Information provided:
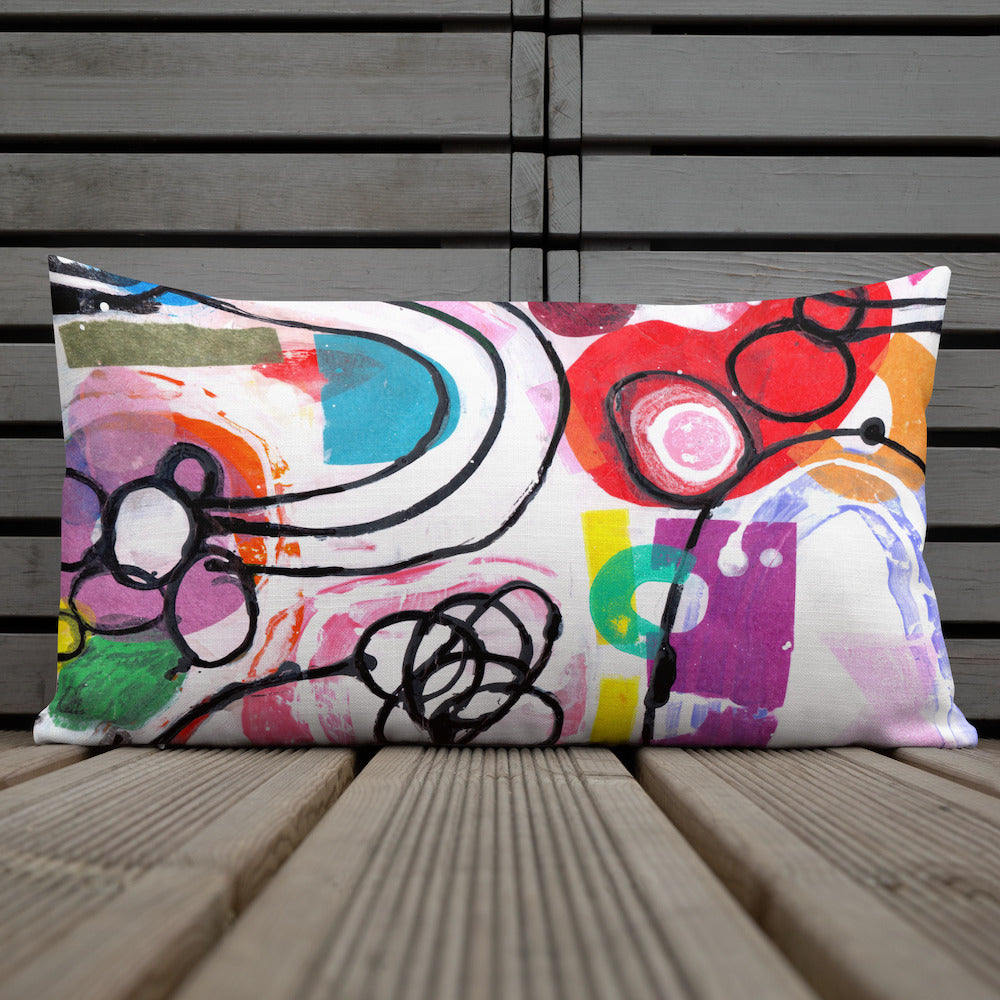 Vibrant, cheerful, and playful style accent pillow on wood deck with a multicolor graphic Euphoria print on front.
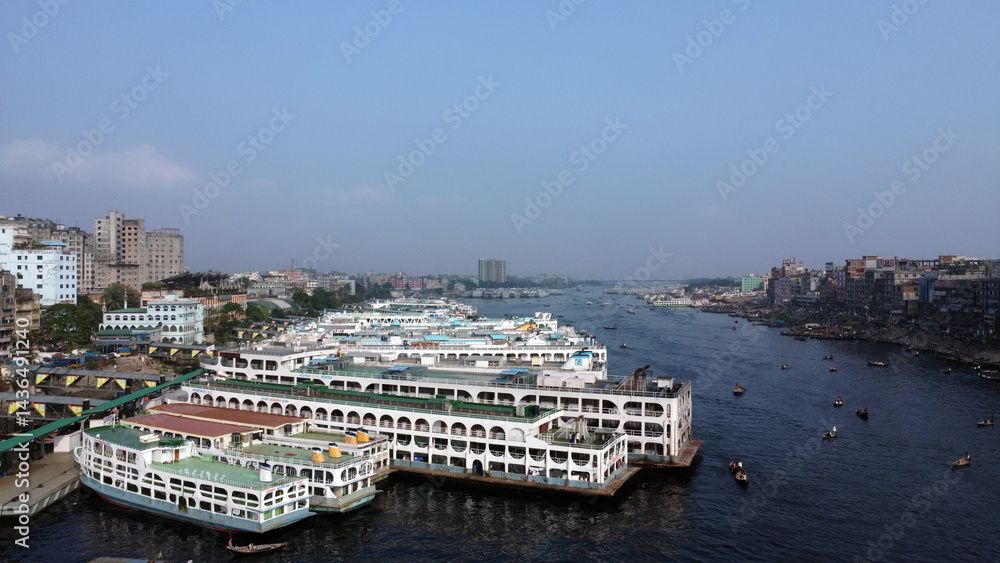 Obraz premium Dhaka is located on the banks of the Buriganga river. Aerial view of Sadar Ghat and the Buriganga river with modern cityscape and boats, Dhaka, Bangladesh.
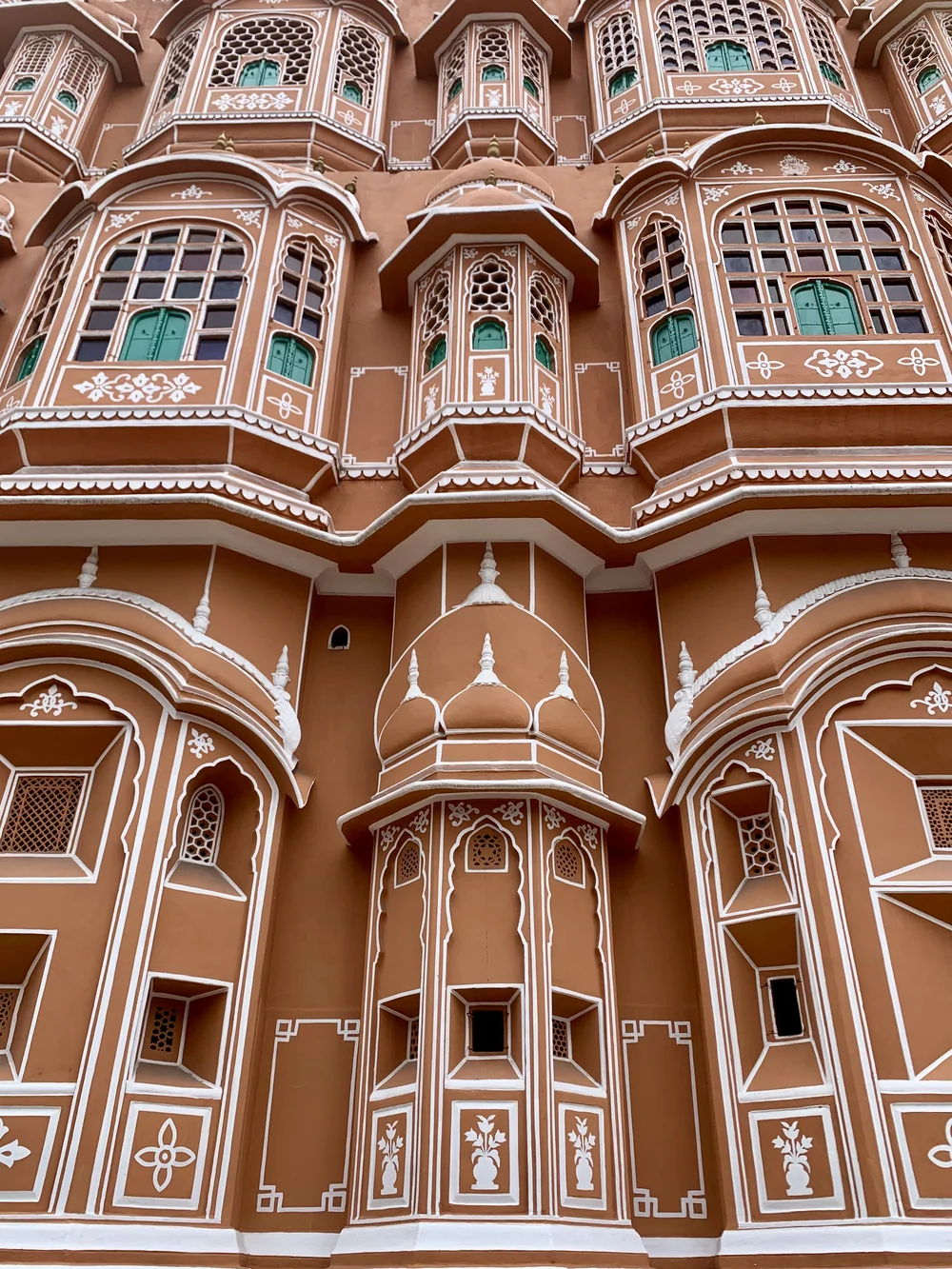 The pink sandstone facade of Hawa Mahal in Jaipur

Work task: Please give every line above again word for word, apart from the pictures.

Answer:
 Vibrant, cheerful, and playful style accent pillow on wood deck with a multicolor graphic Euphoria print on front.
 Obraz premium Dhaka is located on the banks of the Buriganga river. Aerial view of Sadar Ghat and the Buriganga river with modern cityscape and boats, Dhaka, Bangladesh.
 The pink sandstone facade of Hawa Mahal in Jaipur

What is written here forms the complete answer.